Zakat Foundation of America-Sponsored University Graduates First Syrian Refugees

GAZIANTEP, Turkey, July 27, 2018 – Zakat Foundation of America’s Zahraa University – exclusively for Turkey’s Syrian refugees – awarded bachelor’s degrees July 27 to its first graduating class, before a packed audience of dignitaries and scholars from across the world, NGO officers, and student loved ones.

“Today, you graduates have come to know – far better than most – the meaning of sacrifice for education and discipline,” said Mustafa Müslïm, university president and rector. “We are so proud of your success and devotion. This is our moment to thank you.”

Zahraa’s 35 recipients, all Syrian refugees, advanced more than their careers when they took hold of their degrees. They validated the university founders’ vision. Host countries build a better future – for victims of violence and their own societies and regions – by committing to educate rather than obstruct children of forced migration.

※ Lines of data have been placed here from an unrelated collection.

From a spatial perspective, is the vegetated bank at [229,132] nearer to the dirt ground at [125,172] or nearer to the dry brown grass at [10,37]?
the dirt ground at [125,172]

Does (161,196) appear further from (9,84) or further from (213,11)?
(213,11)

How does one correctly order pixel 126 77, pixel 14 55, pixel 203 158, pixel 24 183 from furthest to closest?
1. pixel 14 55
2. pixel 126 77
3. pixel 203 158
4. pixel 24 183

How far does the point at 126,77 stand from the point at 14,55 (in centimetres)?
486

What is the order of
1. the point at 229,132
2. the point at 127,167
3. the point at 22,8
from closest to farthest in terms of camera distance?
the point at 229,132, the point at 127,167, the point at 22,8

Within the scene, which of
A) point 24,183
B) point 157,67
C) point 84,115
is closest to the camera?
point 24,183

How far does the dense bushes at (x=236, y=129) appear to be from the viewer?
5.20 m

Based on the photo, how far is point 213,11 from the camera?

Hostilities drove an unprecedented 68.5 million people from their homes in 2017, according to the United Nations High Commissioner for Refugees (UNHCR, the UN relief agency). Children 18 and younger compose more than half that number. That makes a positive policy like education a more powerful and cost-effective strategy for altering global society than endless prosecution of depleting, destructive war, or blindly blocking the most practical road to betterment for those displaced by threats of bloodshed and human rights violations.

“We have numerous projects, some accomplished, some ongoing,” said Halil Demir, Zakat Foundation’s executive director and a key visionary behind the university. “Each of them owns a special place in our hearts. But we hold none dearer than our orphan and youth education programs for the displaced and victimized.”

The idea of countering the human toll of Syria’s life-shattering civil war, not just by helping its displaced subsist in a vacuum but by guiding them onto new thriving life-paths, began almost as soon as Syria’s earthshaking refugee waves started plunging across the border into Turkey, Lebanon and Jordan in June 2011.

“After war broke out in May 2011, we found ourselves running nonstop between [southern Turkish border provinces and districts] Mardin, Kiziltepe, and Hatay. Everywhere, we saw an incredible number of children, many begging along the roadside," Demir said. “Right then it hit me. We must enable them. We immediately contacted Gaziantep’s governorate. They had open hearts. Then and there, we laid plans for our education projects, including Zahraa University. We didn’t want to leave anyone out.”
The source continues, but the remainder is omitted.